РЖ: Чувствуете ли Вы изменчивость, хрупкость, неустойчивость или неподатливость языка, когда Вы пишете, или же язык для Вас – материал письма?

В.Б.: Язык — собеседник, Великая Амёба, лучший друг, у которого, в отличие от меня, есть слух, голос, желание (то есть призвание!) что-то спеть — но которому, как свинцовые подошвы водолазу, для чего-то нужны мои персональные отчаяния, надежды, любови и трам-пам-пам. Никто никому не материал, просто два бойца.

РЖ: И может ли какое-то слово, выражение, языковой факт, взорвать стихотворение изнутри, заново всё переосветить, изменив то, что прежде диктовало вдохновение? Может ли, иначе говоря, поменяться перспектива в самый момент сочинения?

В.Б.: Всё-таки всегда знал, "куда иду", и поэтому разрешал первоэлементам стихотворения (в ранних стихах — его "внутренним противоречиям") расти-ветвиться-кристаллизоваться по их законам. "Протагонист" — какая-то новая линия или ровно одно слово — всегда появляется в какой-то момент и побеждает, если хоть чуть-чуть веришь в возможность такой победы, "знаешь последнюю ноту".

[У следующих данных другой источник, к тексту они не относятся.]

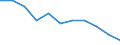 Unit of measure: Rate / Sex: Females / Age class: Total / International Statistical Classification of Diseases and Related Health Problems (ICD-10 2010): Chronic liver disease / Geopolitical entity (reporting): Romania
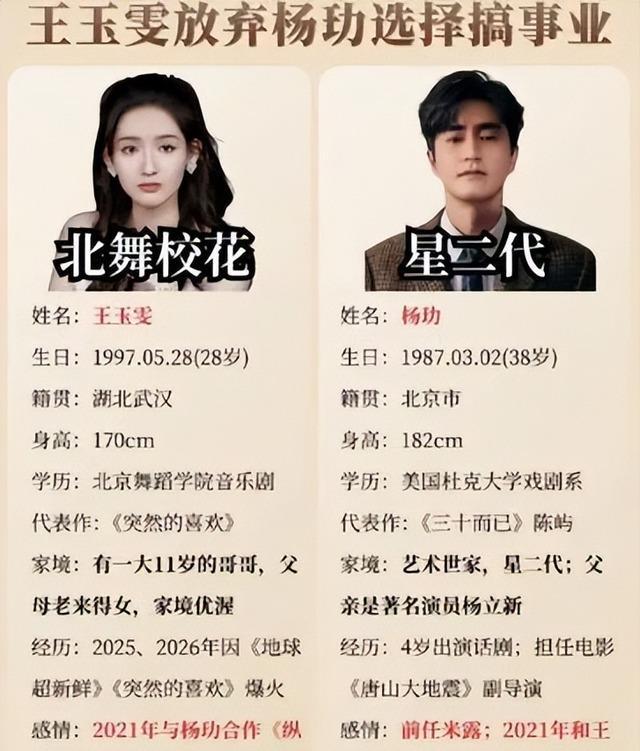 杨玏王玉雯体面 隐婚离婚传闻再起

РЖ: Гармония в классическом понимании связана с числовыми закономерностями, то есть с интуицией скорее сочинителя, чем слушателя или читателя, который принимает уже созданное как должное. Модернизм (в широком смысле) попытался сделать читателя соучастником гармонии, который достраивает недостающие звенья гармонии своей собственной личностью, жертвуя своим покоем ради облика целого. Вы исходите из опыта классического творца или модернистского читателя?

В.Б.: Может быть, так: когда внутри непокой — пишешь и вольно-невольно с читателем делишься этим непокоем? А, когда спокойно, делишься покоем — наверное, последние года четыре стремился именно к этому, но внутри покоя обязательно тоже заводится какая-нибудь ложь, и — надо жить и думать.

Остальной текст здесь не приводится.